Thursday, December 13, 2007

Net is dumbing us down?

The MSM has picked up this new hook: Nobel laureate Doris Lessing has "used her acceptance speech to rail against the internet, saying it has "seduced a whole generation into its inanities" and created a world where people know nothing."

Reports The Age:

"We are in a fragmenting culture, where our certainties of even a few decades ago are questioned and where it is common for young men and women, who have had years of education, to know nothing of the world, to have read nothing, knowing only some speciality or other, for instance, computers," she said in the speech read out by Lessing's British publisher as she was too ill to travel to Sweden for the Nobel festivities.

She compared her visits to resource-deprived schools in Zimbabwe, where students begged her for books and taught themselves to read using labels on jam jars, to a trip to another school in North London where teachers complained that many students never read books at all and the library was only half used.

Lessing said no one had thought to ask how our lives would be changed by the internet, "which has seduced a whole generation with its inanities so that even quite reasonable people will confess that, once they are hooked, it is hard to cut free, and they may find a whole day has passed in blogging etc".

Similarly, author Andrew Keen argued in his new book, The Cult of the Amateur, that the internet was killing culture and assaulting economics.

"[Anyone] can use their networked computers to publish everything from uninformed political commentary, to unseemly home videos, to embarrassingly amateurish music, to unreadable poems, reviews, essays, and novels," Keen wrote in the book.


That's true but what's the big deal?
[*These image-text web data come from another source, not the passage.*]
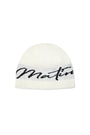 Matin Kim Logo Script Beanie — Ivory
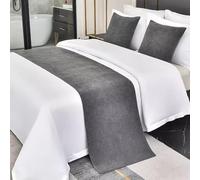 Ensemble de chemins de lit et housse de coussin, couleur unie, décoration de lit douce pour la maison et l'hôtel, couvre-lit et protection de serviette qui ne se décolore pas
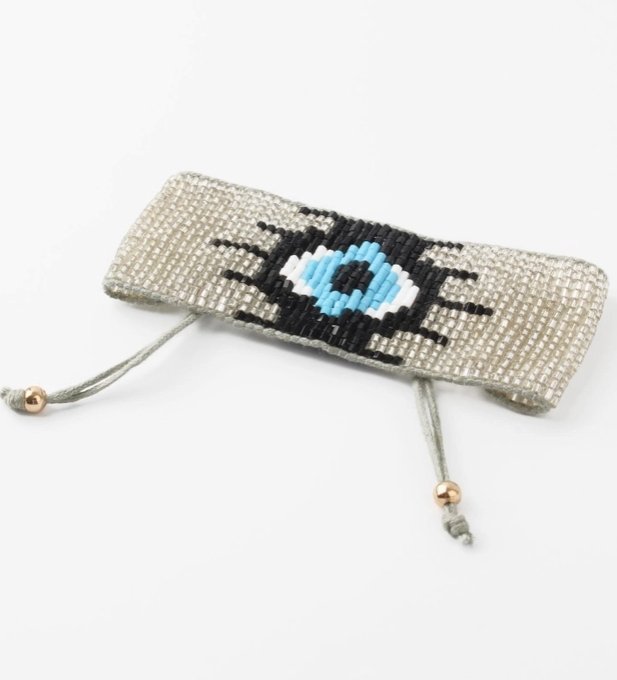 Evil Eye Multi Beaded Bracelet - Silver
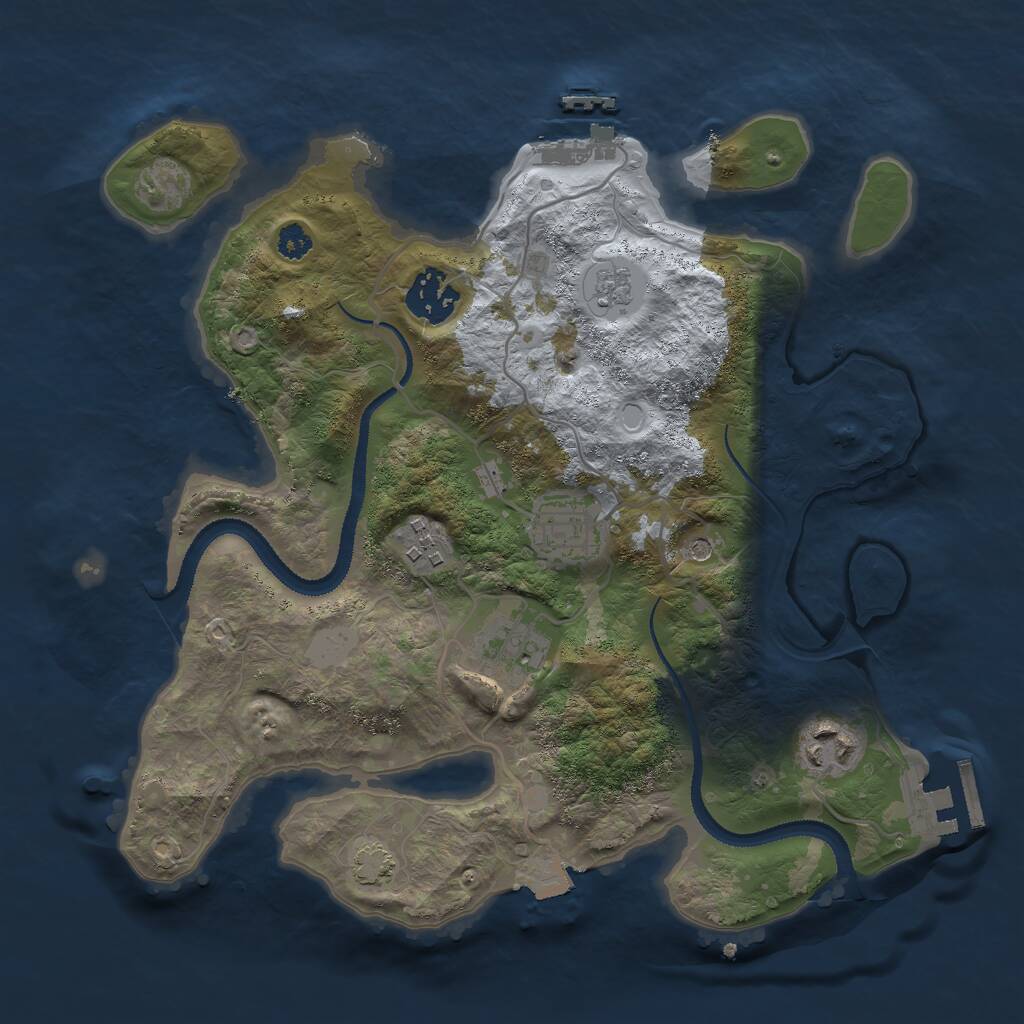 Rust Map: Procedural Map, Size: 3000, Seed: 54242681, 11 Monuments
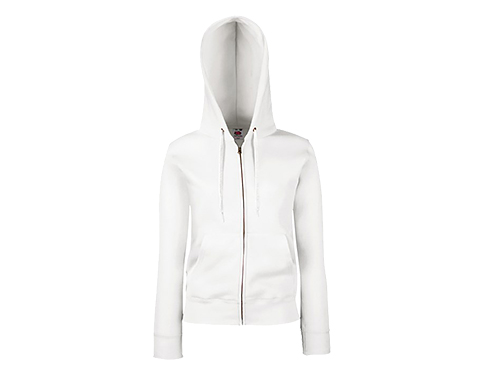 Fruit Of The Loom Premium Lady-Fit Zipped Hoodies - White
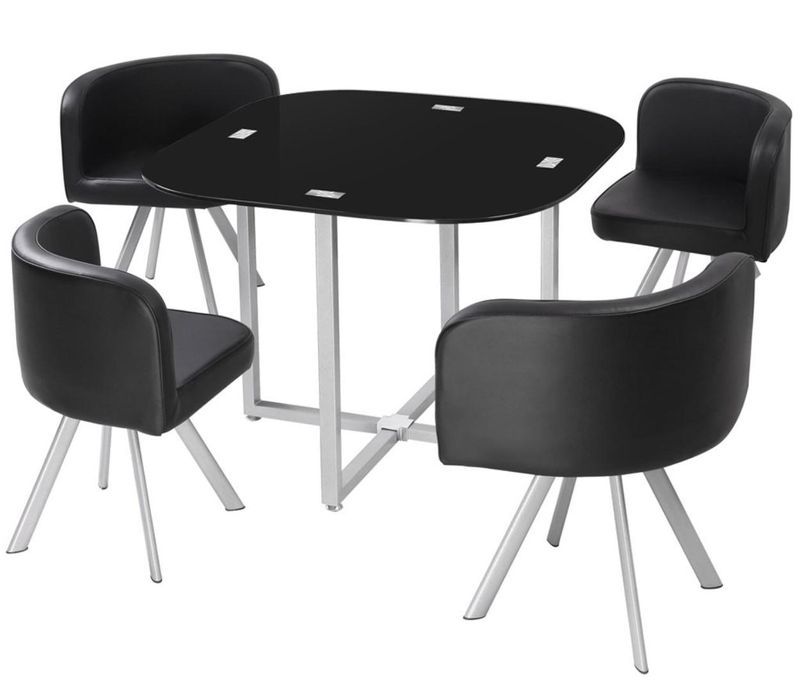 Table et 4 chaises verre noir et pieds métal chromé Mozza - Photo n°2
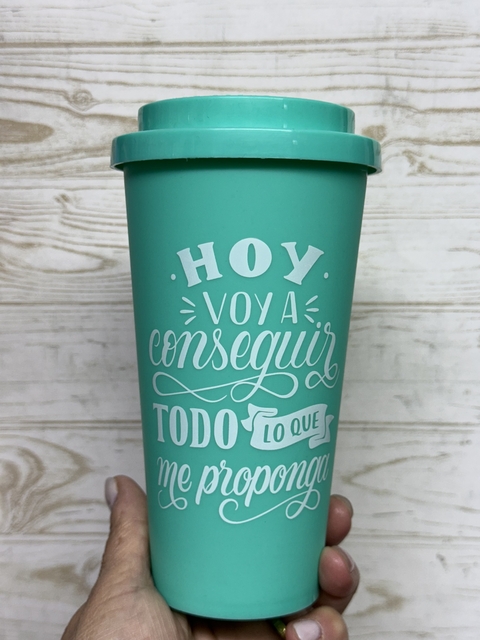 Vaso Verde Con Frase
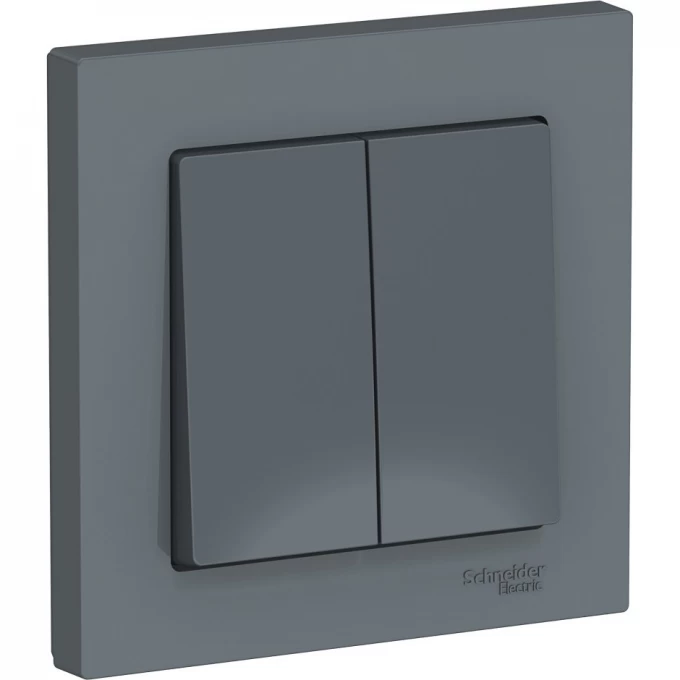 2-клавишный выключатель SCHNEIDER ELECTRIC ATLASDESIGN в сборе, ГРИФЕЛЬ ATN000752
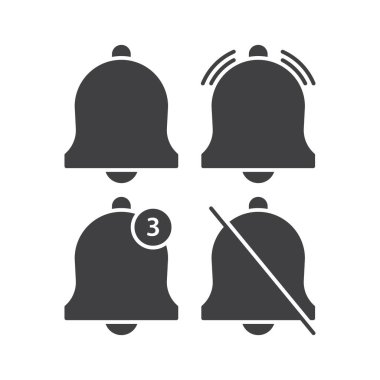 Tebligat seti, zil, alarm. Vektör simgesi şablonu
It is up to us to choose what crap to waste time on.

She also noted that "In order to write, in order to make literature, there must be a close connection with libraries, books, the tradition." This one I agree with.

3 comments:

Suzan Abrams, email: suzanabrams@live.co.uk said...

Have you read Lessing, Zafar?
She debates philosophical essays very purposefully in her prose, always has done and is not to be dismissed lightly.
I believe there is a certain amount of truth...if not all, in what she says. In any case, she is of the old school.
I agree with Keen that if the uses of the internet are grossly mishandled, it brings a big loss to the human mind and to the usefulness of time.

nietzschean-ghost said...

I laughed when I seen this. People dumb themselves down. Give one hundred monkeys a hammer each and you'll always find one or two that will bang their heads with it.

I'm going to quote my main man Fred here and say:

"Some people appear to be more meager in talent than they are, just because the tasks they set themselves are always too great."

"Writers ought to be regarded as wrongdoers who deserve to be acquitted or pardoned only in the rarest cases: that would be a way to keep books from getting out of hand."

Unknown said...

Thanks Suzan. Doris might be serious in her observations but that's the world's reality. I think thoughout human history, the majority of people have not been interested in books. Even the ones in Zimbabwe may not be necessarily looking for Shakespeare to read. Once you teach them how to read and write and give them the internet, most would go to chat sites and surf porn or whatever they are interested in.

NG, well, what can I say? Thanks, and very well put.